Has the Russian Football Union bought a pig in a poke?

Sports Minister Vitaly Mutko has been Capello’s most prominent defender since the World Cup exit. Source: RIA Novosti

Sports Minister Vitaly Mutko has been Capello’s most prominent defender since the World Cup exit. Source: RIA Novosti

The dire performance of Russia’s soccer team at the World Cup in Brazil has turned the spotlight on the team’s highly-paid coach Fabio Capello, with many questioning not only the size of the Italian’s salary, but also the astronomical compensation he would stand to receive in the event of his early dismissal. With just four years until Russia hosts the 2018 World Cup, the country’s Football Union finds itself painted into a corner.

It seemed like a great idea at the time.

The chance to secure one of the most successful coaches in soccer history all the way through to 2018, when he could lead the Russian team to World Cup glory at home.

Sure, the salary seemed a little high and there was a worryingly large figure buried in the small print, but who could resist? After all, just signing Fabio Capello all but guaranteed success.

But it hasn’t turned out that way.

Less than six months after signing a lavish four-year contract extension, Russia’s team bowed meekly out of the World Cup in the group stage and the pressure is now on Capello as the media and senior politicians bay for his blood.

With a reported salary of $11 million a year, Capello earns more than 16 other World Cup coaches combined, and 50 times more than Mexico’s Miguel Herrera, the star coach of the tournament so far.

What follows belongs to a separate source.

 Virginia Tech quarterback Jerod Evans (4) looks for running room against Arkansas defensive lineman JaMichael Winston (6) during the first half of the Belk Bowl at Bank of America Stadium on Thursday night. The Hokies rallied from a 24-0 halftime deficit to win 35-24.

Newspapers are falling over themselves to list the things that Capello could buy with a year’s income, from superdeluxe penthouse apartments and exclusive artwork to my personal favorite, an Italian archduke’s castle with its own vineyard and olive groves.

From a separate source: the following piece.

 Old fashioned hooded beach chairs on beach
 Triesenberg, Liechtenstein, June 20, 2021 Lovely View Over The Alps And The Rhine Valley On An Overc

Even worse, Capello’s contract contains a hidden bombshell. If the Russian Football Union fires him now, it will be forced to pay compensation reportedly valued at $25 million – and that’s a conservative estimate. One respected Russian sports paper claims the true figure could be $43.7 million, effectively Capello’s entire wages through 2018, for no work at all.

“It’s quite good to get [big money] for nothing,” permanently-enraged nationalist leader Vladimir Zhirinovsky thundered. “The team lost and it doesn’t affect his pay at all. Thief!”

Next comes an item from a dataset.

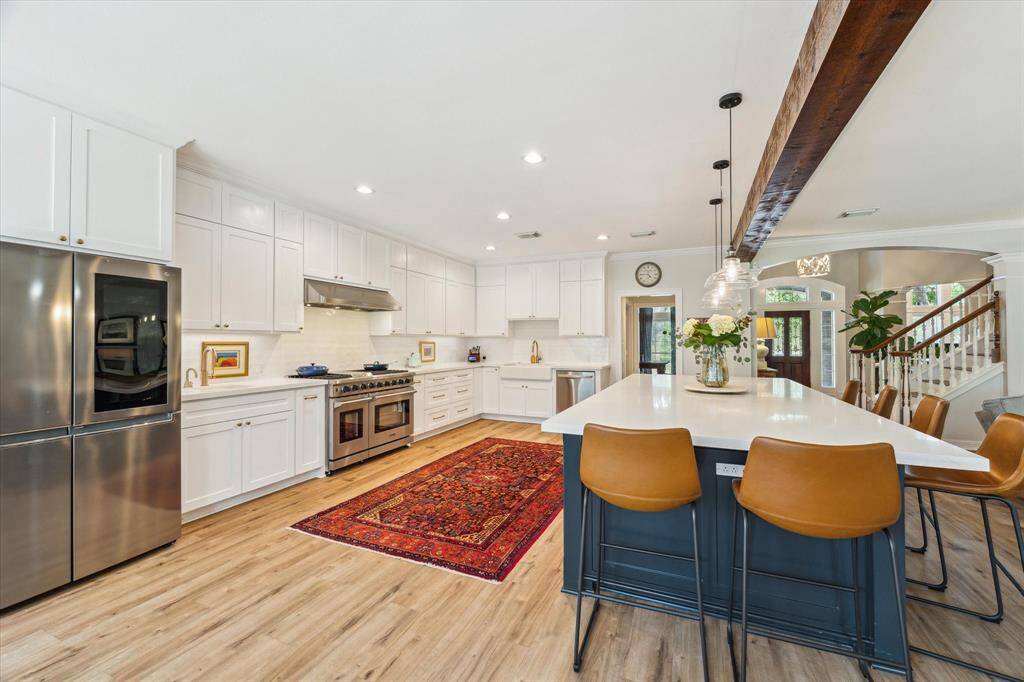 Built in refrigerator, custom cabinets.  Spacious!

Since Zhirinovsky has previously threatened to have a pregnant journalist raped and to drop nuclear bombs on Chechnya, you could say Capello got off lightly. Still, with Russia out of the World Cup, criticizing the Italian has become the sport of the day, fueled by public anger – according to one poll, 70 percent of those questioned want him gone.

There may be rage now, but questions should have been asked before Capello’s super-contract was ever signed. The journalists and many of the politicians now rounding on the Italian have a guilty secret - until the collapse in Brazil, almost everyone in Russian sports circles trusted Capello blindly, myself included.

Capello arrived in 2012 and it all started well as Russia reached the World Cup for the first time since 2002, qualifying ahead of Cristiano Ronaldo’s Portugal (but that achievement looks a little less impressive now after Portugal caved in spectacularly in Brazil). In January, he signed his big-money contract extension.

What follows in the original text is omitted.